- Problem description -
Nothing but an exact copy is asked for: the lines in the material below from the one with "TK giải đặc" through the one with "Предварительный просмотр 11", pictures excluded.

- Material for this exercise -

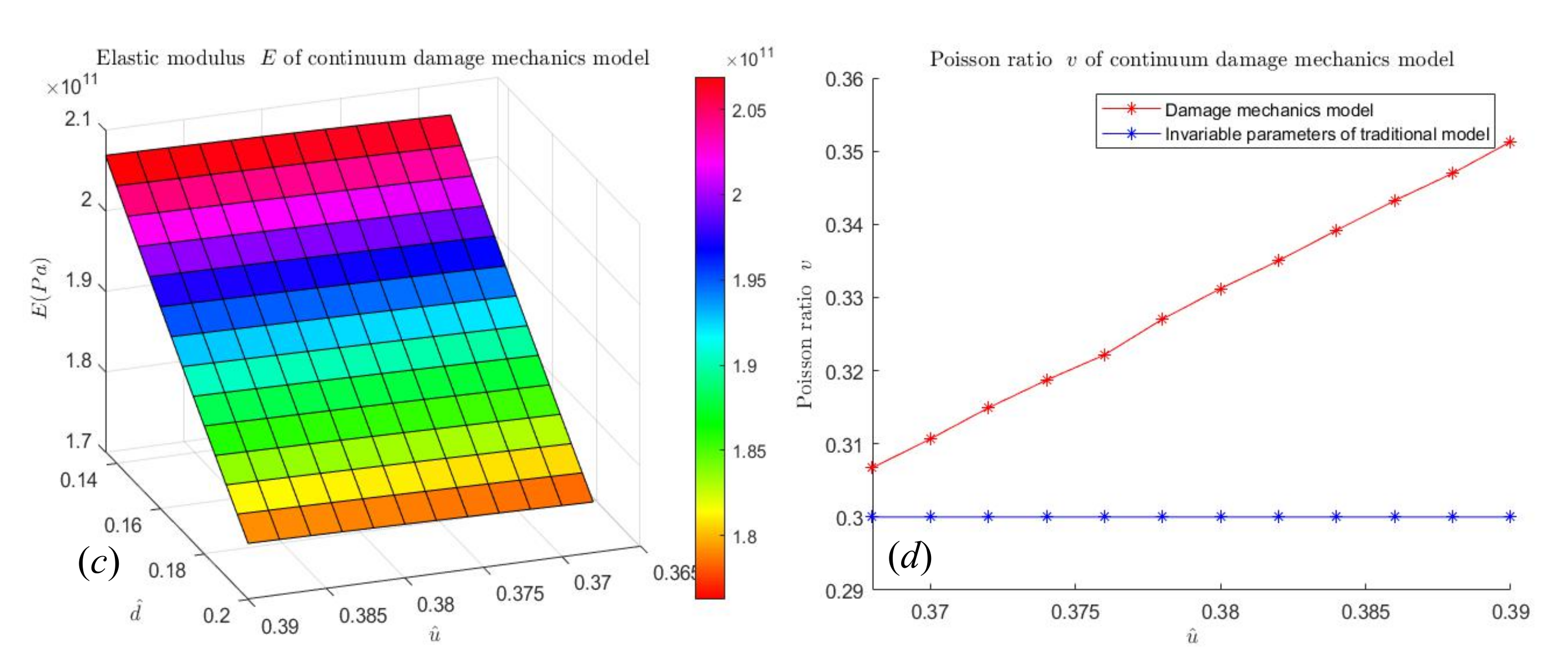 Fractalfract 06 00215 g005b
---
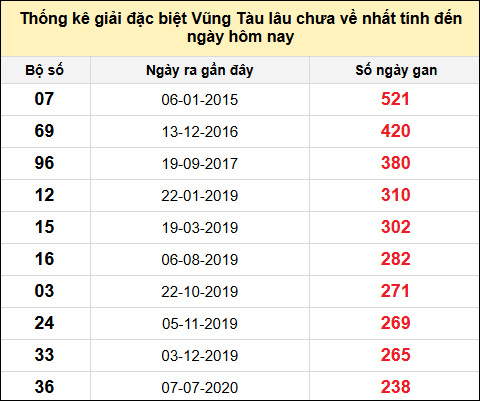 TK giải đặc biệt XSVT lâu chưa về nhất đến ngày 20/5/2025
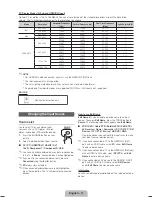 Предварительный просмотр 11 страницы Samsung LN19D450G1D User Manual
--
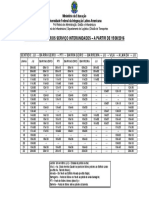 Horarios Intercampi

- The answer -
 TK giải đặc biệt XSVT lâu chưa về nhất đến ngày 20/5/2025
 Предварительный просмотр 11 страницы Samsung LN19D450G1D User Manual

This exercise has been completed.